Multivariate Lomax distribution can be derived as the probability
distribution of a \(k\)-component system where \(k\) independent exponential
random variables have a common environment or mixing parameter following
a gamma distribution with shape parameter \(a\) and scale parameter \(b\).
Let the corresponding random vector be \(\mathbf{X}=(X_1,\cdots,X_k)'\).

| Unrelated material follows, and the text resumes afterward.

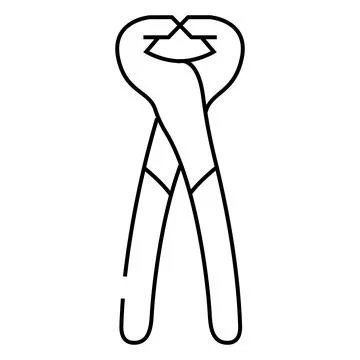 Nail puller pliers line icon vector illustration Illustrazione stock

The probability density function of \(\mathbf{X}\) is given by
((1)), and the joint survival function of \(\mathbf{X}\) is
\[\begin{aligned}
S(x_1, \dots, x_k) = \left( 1+\sum_{i=1}^{k} \theta_i x_i \right)^{-a}, \quad x_i > 0, a>0, \theta_i>0, i=1,\dots,k. \label{Eq:MLSv}
\end{aligned} \tag{2}\]
Specifically, the pivotal result that we use is given by the following
theorem (see Nayak (1987)),
Theorem 2.1: Conditioned on fixed mixing parameter \(\eta\),
representing the environment effect, let \(X_1, \cdots, X_k\) be
independent exponentially distributed random variables with failure
rates \(\eta \lambda_1, \cdots, \eta \lambda_k\), respectively. Let the
environment effect \(\eta\) be distributed as a Gamma random variate with
probability density
\[\begin{aligned}
g(\eta) = b^a \exp(-\eta b) \eta^{a-1}/\Gamma(a), \eta > 0, a,b > 0.
\end{aligned}\]
Then, the unconditional joint density of \(X_1, \cdots,X_k\) is given by
((1)), where \(\theta_i = \lambda_i/b, i=1,\cdots,k\). Clearly,
without loss of generality, \(b\) can be taken as 1, in which case
\(\theta_i=\lambda_i\), \(i=1,\cdots, k\).
In view of the above result, we implement the simulation from \(k\)-dimensional multivariate Lomax distribution by adopting the following algorithm.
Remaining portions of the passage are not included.